Quais as melhores técnicas digitais para investir na sua empresa? 1065

Quais as melhores técnicas digitais para investir na sua empresa?

Confira quais táticas destacam-se na hora de posicionar seu negócio nos meios virtuais

Uma vez que o consumidor está cada vez mais presente no meio virtual, há necessidade de que as empresas se preocupem com a promoção da marca com um direcionamento preciso, sendo o marketing digital uma solução amplamente explorada hoje em dia.

Todavia, nesse cenário é válido citar que existem diversas táticas que podem ser empregadas sozinhas ou em conjunto para alcançar os mais variados objetivos empresariais.

Sem dúvidas, a atuação no meio digital pode variar de maneira significativa conforme cada setor e estratégia emprega, por exemplo, ao comparar o público-alvo e abordagens de uma escola de ballet e de um segmento industrial.

Questões como essas reforçam de maneira significativa a necessidade de compreender de fato a audiência, objetivos da empresa, recursos necessários, entre outros aspectos.

Conheça as táticas que se destacam

Diante a diversidade, podem surgir grandes dúvidas sobre a escolha das estratégias e de como usar os recursos de forma eficaz.

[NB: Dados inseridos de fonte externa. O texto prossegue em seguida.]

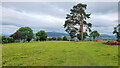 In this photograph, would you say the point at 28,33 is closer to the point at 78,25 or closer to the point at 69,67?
the point at 78,25

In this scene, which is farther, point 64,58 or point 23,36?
point 23,36

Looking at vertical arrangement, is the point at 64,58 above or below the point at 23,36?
below

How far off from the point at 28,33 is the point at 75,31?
2353cm

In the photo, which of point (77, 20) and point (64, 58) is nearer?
point (64, 58)

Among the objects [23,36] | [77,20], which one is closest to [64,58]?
[77,20]

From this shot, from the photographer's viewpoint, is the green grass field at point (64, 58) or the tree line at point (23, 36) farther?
the tree line at point (23, 36)

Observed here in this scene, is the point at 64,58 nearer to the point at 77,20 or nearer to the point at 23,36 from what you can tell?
the point at 77,20

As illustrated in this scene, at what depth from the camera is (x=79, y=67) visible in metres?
3.60

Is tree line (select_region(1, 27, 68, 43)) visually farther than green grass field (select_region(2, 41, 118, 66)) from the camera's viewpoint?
Yes

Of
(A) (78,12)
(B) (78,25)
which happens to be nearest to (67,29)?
(B) (78,25)

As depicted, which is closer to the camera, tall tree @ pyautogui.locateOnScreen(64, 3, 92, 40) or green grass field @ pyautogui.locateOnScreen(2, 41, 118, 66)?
green grass field @ pyautogui.locateOnScreen(2, 41, 118, 66)

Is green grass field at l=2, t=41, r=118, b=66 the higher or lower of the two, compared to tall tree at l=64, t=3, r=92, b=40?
lower

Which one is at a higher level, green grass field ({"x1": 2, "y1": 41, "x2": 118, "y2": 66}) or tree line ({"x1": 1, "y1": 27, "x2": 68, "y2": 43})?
tree line ({"x1": 1, "y1": 27, "x2": 68, "y2": 43})

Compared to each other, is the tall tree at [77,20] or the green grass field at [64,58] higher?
the tall tree at [77,20] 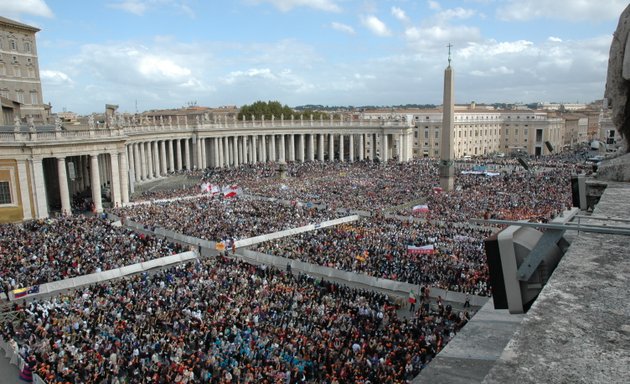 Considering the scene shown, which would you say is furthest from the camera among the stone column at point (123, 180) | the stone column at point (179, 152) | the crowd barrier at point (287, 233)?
the stone column at point (179, 152)

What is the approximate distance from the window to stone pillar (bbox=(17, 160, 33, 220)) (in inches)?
33.8

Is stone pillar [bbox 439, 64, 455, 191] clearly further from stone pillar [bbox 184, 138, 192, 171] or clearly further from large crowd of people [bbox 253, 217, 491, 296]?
stone pillar [bbox 184, 138, 192, 171]

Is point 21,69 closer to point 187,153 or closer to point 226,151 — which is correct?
point 187,153

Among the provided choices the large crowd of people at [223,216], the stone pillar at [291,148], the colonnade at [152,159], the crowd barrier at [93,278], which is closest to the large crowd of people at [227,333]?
the crowd barrier at [93,278]

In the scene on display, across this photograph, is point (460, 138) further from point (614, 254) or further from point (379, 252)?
point (614, 254)

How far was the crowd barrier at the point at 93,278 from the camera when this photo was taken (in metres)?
22.7

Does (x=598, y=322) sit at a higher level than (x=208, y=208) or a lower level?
higher

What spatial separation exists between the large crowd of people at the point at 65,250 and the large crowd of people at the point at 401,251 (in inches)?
291

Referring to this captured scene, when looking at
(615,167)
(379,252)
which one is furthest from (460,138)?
(615,167)

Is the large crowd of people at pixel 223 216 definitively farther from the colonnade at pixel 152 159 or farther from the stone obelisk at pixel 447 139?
the stone obelisk at pixel 447 139

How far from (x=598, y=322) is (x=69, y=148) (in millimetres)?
44246

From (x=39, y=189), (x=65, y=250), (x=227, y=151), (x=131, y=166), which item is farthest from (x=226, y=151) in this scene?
(x=65, y=250)

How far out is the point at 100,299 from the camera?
67.9 feet

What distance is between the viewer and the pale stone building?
184 feet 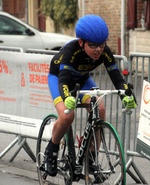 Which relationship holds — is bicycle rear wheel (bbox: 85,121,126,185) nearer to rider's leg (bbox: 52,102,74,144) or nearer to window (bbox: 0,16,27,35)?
rider's leg (bbox: 52,102,74,144)

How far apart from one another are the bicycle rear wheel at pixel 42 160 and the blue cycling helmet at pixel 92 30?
1.00m

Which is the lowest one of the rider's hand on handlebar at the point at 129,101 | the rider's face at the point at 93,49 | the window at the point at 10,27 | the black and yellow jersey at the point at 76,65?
the window at the point at 10,27

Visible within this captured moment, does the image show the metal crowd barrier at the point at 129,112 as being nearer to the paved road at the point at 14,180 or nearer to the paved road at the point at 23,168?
the paved road at the point at 23,168

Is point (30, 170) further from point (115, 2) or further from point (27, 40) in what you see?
point (115, 2)

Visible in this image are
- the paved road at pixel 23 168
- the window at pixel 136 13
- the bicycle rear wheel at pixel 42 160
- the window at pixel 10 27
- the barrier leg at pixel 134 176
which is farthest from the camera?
the window at pixel 136 13

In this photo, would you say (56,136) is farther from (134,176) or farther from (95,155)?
(134,176)

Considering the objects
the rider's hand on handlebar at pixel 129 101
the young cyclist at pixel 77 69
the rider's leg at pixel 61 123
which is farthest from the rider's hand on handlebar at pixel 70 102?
the rider's hand on handlebar at pixel 129 101

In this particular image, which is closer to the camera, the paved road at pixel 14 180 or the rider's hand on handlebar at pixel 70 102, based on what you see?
the rider's hand on handlebar at pixel 70 102

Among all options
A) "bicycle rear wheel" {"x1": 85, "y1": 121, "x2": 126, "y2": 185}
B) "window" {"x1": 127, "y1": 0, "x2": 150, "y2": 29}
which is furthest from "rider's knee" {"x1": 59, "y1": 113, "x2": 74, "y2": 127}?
"window" {"x1": 127, "y1": 0, "x2": 150, "y2": 29}

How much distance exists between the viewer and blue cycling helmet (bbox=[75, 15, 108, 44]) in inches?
189

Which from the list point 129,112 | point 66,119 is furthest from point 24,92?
point 66,119

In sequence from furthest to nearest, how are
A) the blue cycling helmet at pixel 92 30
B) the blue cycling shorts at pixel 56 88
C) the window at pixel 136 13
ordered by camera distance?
the window at pixel 136 13
the blue cycling shorts at pixel 56 88
the blue cycling helmet at pixel 92 30

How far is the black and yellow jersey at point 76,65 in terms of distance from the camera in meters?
4.96

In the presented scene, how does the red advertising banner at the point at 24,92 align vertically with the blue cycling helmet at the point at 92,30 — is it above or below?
A: below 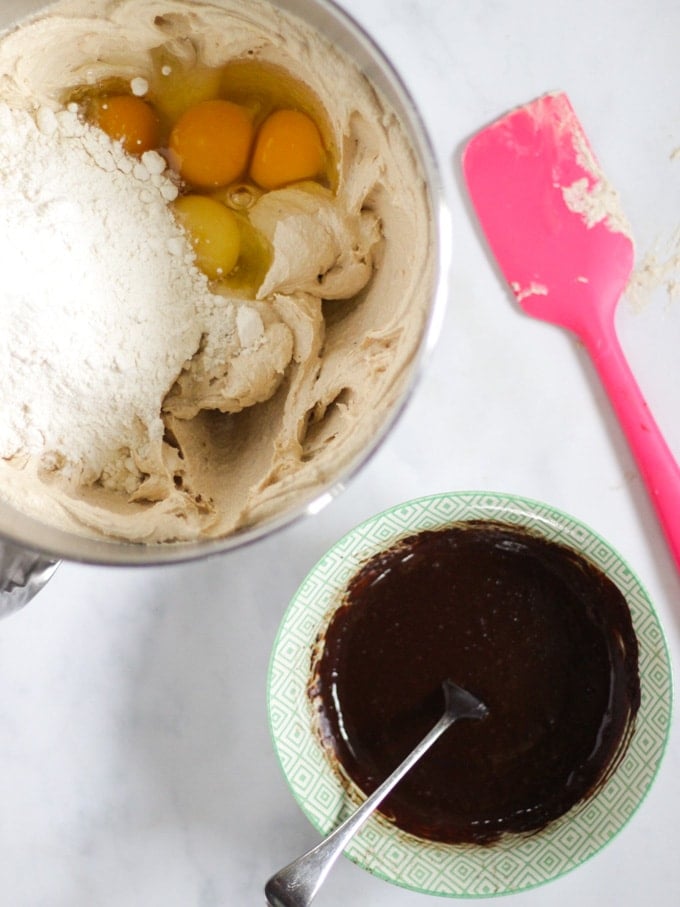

Sendo assim, o conhecimento sobre as técnicas digitais de maior destaque pode fazer grande diferença. 

É válido citar que são estratégias abrangentes e, dessa forma, em prol de um entendimento mais claro, ferramentas e a atuação em determinados canais também serão apresentadas. Entre as principais estratégias, estão:

Marketing de conteúdo

Se um maior engajamento com o público alvo é almejado, em especial, por meio de um conteúdo em que informações enriquecedoras são priorizadas, o marketing de conteúdo pode ser a solução mais favorável.

Um dos possíveis resultados de uma estratégia desse tipo, realizada com eficácia, é a construção de uma percepção positiva da marca, por exemplo, de uma empresa que realiza a locação de salas hora, que poderia ter ainda mais horários reservados e ser uma referência de espaço para aluguel.

Uma das características dos conteúdos valiosos que são uma prioridade do marketing de conteúdo é o atendimento da necessidade do público-alvo, como a solução de problemas.

Sendo assim, materiais que sejam não apenas atrativos, mas realmente úteis são criados. É válido lembrar que dessa forma há maiores chances de que a marca seja lembrada caso  exista a necessidade de compra.

E-mail marketing

Considerado um dos recursos mais tradicionais do marketing digital, o e-mail marketing pode atender a uma série de finalidades, como o engajamento do público-alvo e clientes.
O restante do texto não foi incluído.